Image-caption web data:
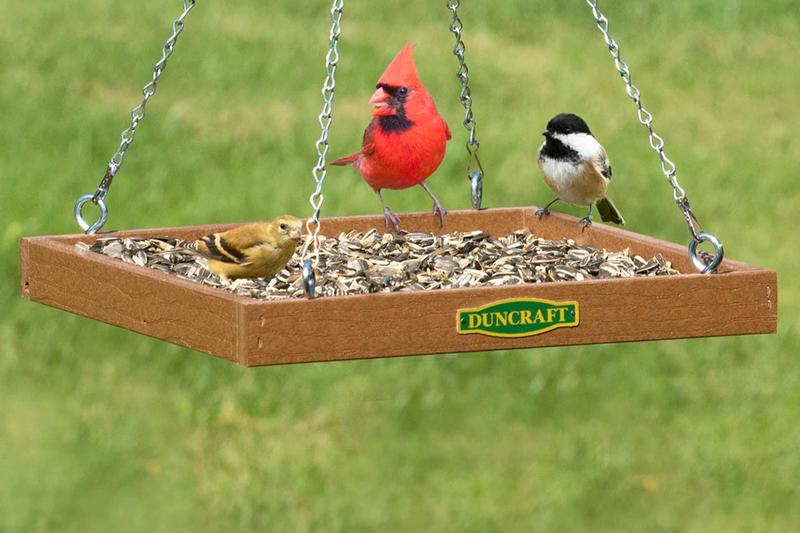 Duncraft Platform Bird Feeder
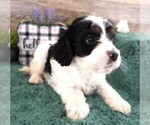 Small #2 Cavapoo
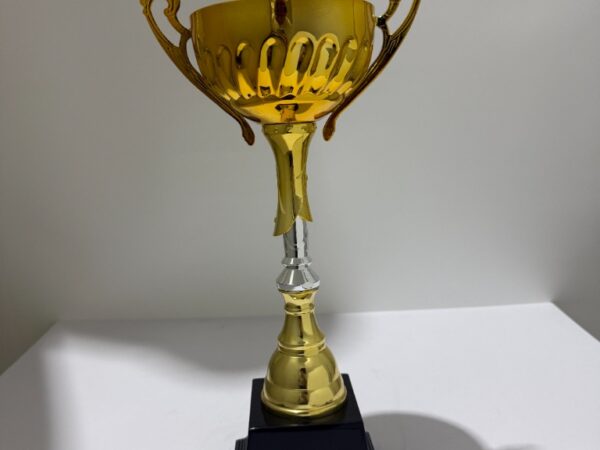Custom Metal Trophy 02
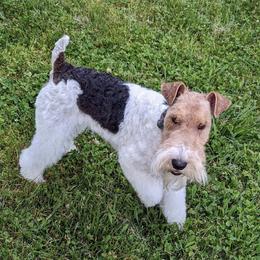Wire Fox Terrier Puppies from What the Fox - Wire Fox Terrier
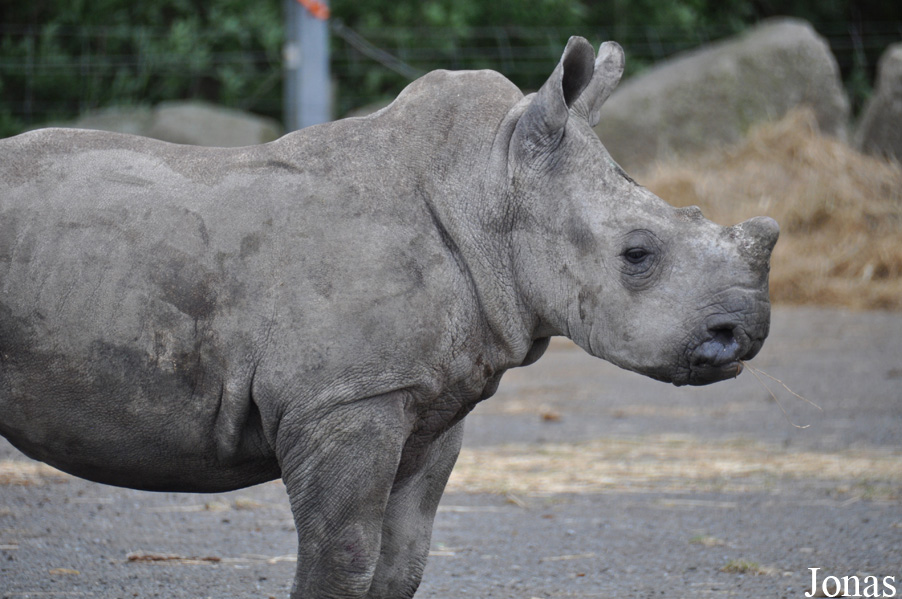 Ceratotherium simum simum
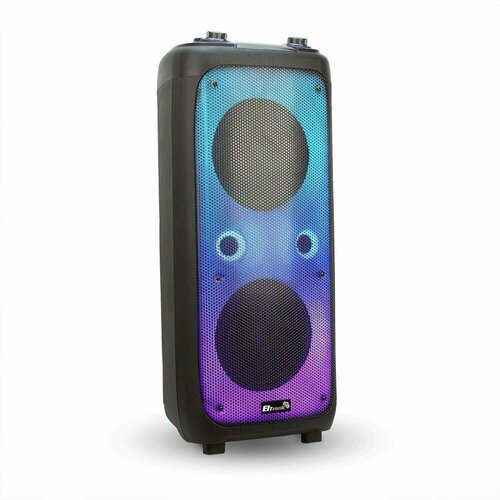 Портативная акустическая система ELTRONIC 20-62 FIRE BOX 1000 черный 2570100₽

EXERCISE DETAILS: What is needed here is an exact copy of the lines from the line containing "Small #2 Cavapoo" through the end of the records, with every picture left out.

RESPONSE TO THIS EXERCISE:
 Small #2 Cavapoo
Custom Metal Trophy 02
Wire Fox Terrier Puppies from What the Fox - Wire Fox Terrier
 Ceratotherium simum simum
 Портативная акустическая система ELTRONIC 20-62 FIRE BOX 1000 черный 2570100₽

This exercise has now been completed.